PROBLEM DETAILS –
Copy out exactly, from the entries that follow, the line holding "MCM Grained Calfskin", the line holding "A confident financial", and all lines between them, but no pictures.

DATASET CONTENT –
● ● ●

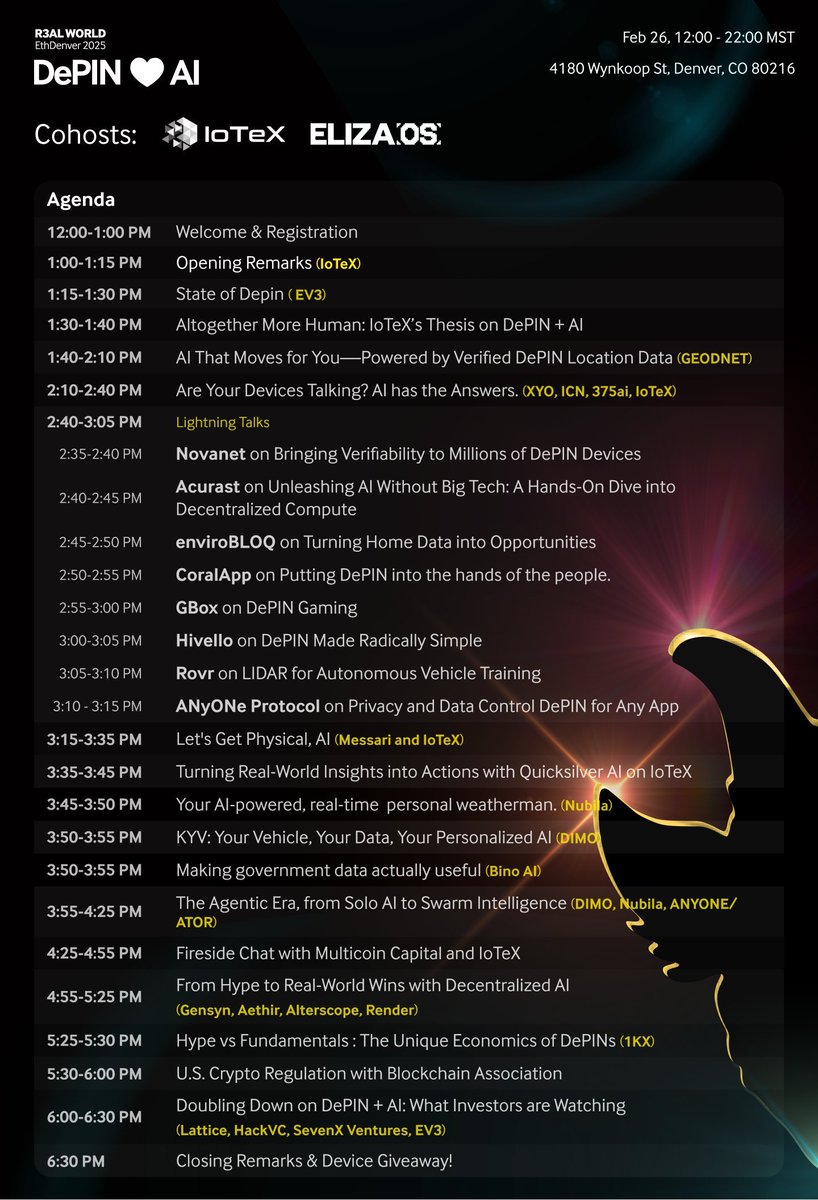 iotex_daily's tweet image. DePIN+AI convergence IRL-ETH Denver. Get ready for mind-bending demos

● ● ●

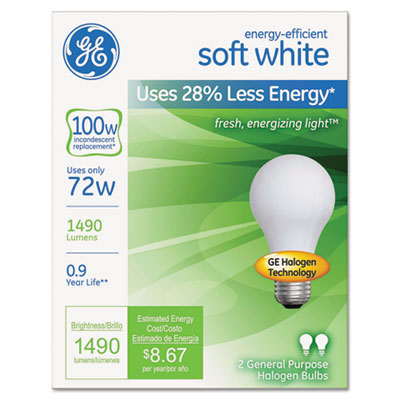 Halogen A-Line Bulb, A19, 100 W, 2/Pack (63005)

● ● ●

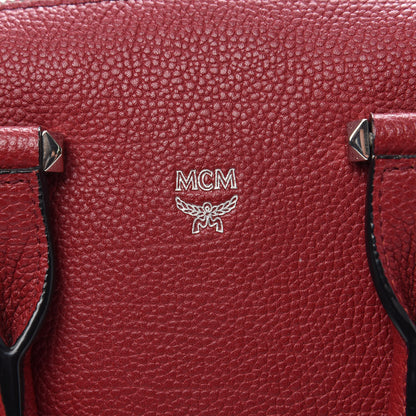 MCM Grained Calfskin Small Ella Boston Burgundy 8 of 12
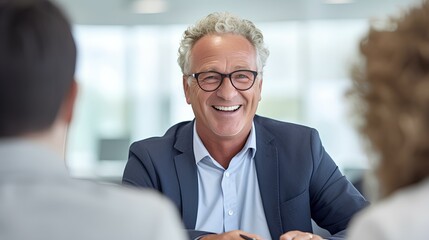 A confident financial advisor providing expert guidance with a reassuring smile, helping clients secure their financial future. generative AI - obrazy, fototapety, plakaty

● ● ●

RESPONSE TO THIS EXERCISE –
 MCM Grained Calfskin Small Ella Boston Burgundy 8 of 12
 A confident financial advisor providing expert guidance with a reassuring smile, helping clients secure their financial future. generative AI - obrazy, fototapety, plakaty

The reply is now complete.